The CIA had prepared the briefing documents for Japanese intelligence officials and had included the names of hundreds of Japanese security agents, as well as the author's home telephone number, e-mail address and secure satellite telephone number.

The online posting of the briefing is the latest incident in a string of leaks that has the intelligence community and Congress up in arms. Intelligence experts point to a fundamental breakdown in discipline as the likely culprit behind the seemingly unending leaks.

John Young, a New York City-based architect, runs the World Wide Web site Cryptome. For the past six years, he has collected and posted to the site a library's worth of documents that pertain to intelligence and encryption from people who have access to sensitive or classified information.

He first posted the CIA overview briefing shortly after receiving it from Noda Hironari, a former officer in Japan's Public Security Investigation Agency.

Young received a direct request from the U.S. Federal Bureau of Investigation to remove the documents from his Web site, but he defended his decision to keep the briefing online on the grounds that a court had not ordered him to remove the documents. "The stuff comes in pretty much ready to read," Young said.

However, deciding whether to post an item is rarely an issue, he said. "We don't really get that much sent to us that is controversial, much less classified," Young said. "So when we do get a hot item, it's almost sure to be offered."

Young said he recalls only one item in the past four years that he did not post. That document included the specifications of a commercial encryption chip. The source of the document eventually gave Young permission to post it, and he did.

However, the disclosure of sensitive intelligence information, including the names of agents and other sources and methods, has the CIA and Congress concerned. Congress, in a report on the fiscal 2001 intelligence authorization bill, ordered the CIA to produce a report by December outlining all security leaks that have taken place since 1998, including the damage the leaks have caused.

All Access

A spokesperson for the CIA acknowledged that the agency views the problem primarily as a personnel issue but said the Internet now provides access to thousands of people who otherwise would not have had it.

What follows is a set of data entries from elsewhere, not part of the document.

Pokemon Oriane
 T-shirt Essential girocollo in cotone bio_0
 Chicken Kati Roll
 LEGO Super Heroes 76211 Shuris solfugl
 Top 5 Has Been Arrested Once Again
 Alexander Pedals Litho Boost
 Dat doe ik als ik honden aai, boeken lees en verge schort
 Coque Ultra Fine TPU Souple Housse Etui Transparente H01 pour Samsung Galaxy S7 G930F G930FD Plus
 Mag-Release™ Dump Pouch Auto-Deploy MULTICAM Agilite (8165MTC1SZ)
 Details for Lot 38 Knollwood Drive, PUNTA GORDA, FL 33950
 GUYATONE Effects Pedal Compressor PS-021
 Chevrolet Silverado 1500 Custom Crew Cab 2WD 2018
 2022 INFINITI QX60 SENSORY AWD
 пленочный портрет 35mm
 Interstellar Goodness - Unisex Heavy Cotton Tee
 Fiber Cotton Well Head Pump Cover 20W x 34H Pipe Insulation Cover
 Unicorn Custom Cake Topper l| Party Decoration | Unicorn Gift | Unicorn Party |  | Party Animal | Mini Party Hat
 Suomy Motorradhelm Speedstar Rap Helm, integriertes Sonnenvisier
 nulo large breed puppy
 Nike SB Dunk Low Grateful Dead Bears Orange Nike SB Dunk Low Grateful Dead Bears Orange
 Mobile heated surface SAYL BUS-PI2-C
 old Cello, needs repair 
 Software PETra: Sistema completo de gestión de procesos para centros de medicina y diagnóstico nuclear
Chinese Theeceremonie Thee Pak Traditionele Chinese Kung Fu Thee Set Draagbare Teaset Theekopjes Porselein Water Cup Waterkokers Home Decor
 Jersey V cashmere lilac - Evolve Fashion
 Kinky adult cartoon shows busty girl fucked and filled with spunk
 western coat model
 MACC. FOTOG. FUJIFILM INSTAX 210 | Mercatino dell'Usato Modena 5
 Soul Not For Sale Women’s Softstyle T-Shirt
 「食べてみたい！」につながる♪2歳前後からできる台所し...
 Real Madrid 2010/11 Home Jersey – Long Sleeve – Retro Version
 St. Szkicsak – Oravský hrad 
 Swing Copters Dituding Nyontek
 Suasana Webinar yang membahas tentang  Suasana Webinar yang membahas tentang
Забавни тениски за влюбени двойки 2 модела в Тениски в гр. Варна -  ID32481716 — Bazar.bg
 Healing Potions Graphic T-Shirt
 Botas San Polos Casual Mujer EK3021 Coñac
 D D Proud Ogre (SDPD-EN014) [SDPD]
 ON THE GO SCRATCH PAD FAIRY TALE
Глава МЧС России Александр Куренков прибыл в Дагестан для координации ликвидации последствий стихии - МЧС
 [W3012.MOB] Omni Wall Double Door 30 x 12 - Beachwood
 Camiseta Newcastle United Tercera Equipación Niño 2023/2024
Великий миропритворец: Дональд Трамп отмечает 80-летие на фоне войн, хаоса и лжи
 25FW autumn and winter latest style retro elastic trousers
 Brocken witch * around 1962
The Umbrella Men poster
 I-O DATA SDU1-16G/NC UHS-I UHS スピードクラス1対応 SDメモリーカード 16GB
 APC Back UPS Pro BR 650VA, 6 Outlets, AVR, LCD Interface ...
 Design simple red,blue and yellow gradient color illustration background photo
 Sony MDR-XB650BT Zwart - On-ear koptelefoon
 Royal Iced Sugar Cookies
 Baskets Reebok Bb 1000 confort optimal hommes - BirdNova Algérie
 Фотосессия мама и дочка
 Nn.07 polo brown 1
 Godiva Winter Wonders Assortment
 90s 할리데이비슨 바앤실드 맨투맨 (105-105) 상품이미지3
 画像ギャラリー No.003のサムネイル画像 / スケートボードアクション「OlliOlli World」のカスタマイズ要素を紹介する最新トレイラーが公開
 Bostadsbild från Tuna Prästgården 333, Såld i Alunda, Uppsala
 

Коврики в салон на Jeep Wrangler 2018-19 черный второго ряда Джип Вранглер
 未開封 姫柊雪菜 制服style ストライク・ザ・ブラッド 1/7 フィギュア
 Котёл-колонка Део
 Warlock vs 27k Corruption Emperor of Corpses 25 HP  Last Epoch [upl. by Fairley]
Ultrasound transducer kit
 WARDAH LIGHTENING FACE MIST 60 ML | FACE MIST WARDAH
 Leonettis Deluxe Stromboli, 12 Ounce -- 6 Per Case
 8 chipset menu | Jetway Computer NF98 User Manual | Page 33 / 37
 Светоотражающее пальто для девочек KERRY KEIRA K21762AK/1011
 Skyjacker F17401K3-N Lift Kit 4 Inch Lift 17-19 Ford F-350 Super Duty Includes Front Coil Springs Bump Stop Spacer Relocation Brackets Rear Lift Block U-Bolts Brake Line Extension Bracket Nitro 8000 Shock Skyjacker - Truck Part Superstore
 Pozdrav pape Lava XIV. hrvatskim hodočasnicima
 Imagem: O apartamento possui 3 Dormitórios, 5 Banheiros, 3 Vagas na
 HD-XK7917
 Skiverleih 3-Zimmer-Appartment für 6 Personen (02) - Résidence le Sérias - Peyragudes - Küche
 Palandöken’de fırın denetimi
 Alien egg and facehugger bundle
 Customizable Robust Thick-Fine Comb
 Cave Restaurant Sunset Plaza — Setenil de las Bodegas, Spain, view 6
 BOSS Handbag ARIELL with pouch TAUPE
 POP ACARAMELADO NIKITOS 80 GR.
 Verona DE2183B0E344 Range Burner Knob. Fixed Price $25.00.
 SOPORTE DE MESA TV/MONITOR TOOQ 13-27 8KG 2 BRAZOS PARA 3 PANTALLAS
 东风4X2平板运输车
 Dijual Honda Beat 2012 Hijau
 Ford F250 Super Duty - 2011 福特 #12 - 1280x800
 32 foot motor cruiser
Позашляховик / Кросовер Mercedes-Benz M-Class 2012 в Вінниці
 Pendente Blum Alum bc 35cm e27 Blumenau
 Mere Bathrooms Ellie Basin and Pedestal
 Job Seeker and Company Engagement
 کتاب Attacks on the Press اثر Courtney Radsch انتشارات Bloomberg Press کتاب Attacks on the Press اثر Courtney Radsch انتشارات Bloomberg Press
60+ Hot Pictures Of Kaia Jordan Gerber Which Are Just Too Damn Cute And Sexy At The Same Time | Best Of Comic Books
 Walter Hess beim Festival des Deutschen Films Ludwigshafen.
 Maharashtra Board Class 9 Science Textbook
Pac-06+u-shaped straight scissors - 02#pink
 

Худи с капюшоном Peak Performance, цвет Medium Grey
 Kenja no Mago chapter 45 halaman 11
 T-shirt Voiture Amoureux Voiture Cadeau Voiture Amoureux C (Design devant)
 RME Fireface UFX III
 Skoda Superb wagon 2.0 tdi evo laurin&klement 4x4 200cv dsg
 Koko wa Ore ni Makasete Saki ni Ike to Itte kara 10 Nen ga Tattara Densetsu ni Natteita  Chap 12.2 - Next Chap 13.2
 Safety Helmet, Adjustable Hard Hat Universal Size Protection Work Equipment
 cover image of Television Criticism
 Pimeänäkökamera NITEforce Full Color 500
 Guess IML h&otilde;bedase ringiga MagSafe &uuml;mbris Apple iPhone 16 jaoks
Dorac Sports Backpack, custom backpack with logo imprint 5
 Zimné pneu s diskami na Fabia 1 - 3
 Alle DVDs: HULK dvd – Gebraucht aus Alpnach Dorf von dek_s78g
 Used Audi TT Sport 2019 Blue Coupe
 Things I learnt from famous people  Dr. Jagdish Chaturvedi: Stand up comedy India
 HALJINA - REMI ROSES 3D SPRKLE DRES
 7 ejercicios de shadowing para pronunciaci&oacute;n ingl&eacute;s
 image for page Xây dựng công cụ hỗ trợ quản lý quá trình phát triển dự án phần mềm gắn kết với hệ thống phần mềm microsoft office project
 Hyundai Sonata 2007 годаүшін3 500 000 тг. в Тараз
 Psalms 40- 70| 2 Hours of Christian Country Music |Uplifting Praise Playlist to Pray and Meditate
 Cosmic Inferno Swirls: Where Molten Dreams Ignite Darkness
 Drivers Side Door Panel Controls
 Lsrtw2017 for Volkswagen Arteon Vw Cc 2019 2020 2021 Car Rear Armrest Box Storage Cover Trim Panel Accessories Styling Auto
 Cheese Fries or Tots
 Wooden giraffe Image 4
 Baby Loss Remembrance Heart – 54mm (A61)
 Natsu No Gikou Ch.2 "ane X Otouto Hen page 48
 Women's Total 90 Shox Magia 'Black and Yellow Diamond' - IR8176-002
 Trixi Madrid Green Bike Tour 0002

"You have to question what the utility of doing this is," the spokesperson said. "We are very concerned about any leaks of classified information, particularly when it concerns possible disclosure of sources and methods."

Steven Aftergood, an intelligence specialist who runs the Federation of American Scientists' Project on Government Secrecy, said the leaks stem from a combination of factors, including an erosion of discipline, a loss of respect for the classification system and the increased ability to disseminate information.

"Although people still sign nondisclosure agreements in which they make a solemn commitment to respect classification restrictions, it seems that more and more people are prepared to renege on that commitment," Aftergood said.

The intelligence community has been slow to adapt to the Digital Age and is in desperate need of a major policy overhaul, particularly in the area of classification policy, Aftergood said. However, the policy will likely be "wait and see what happens," he said.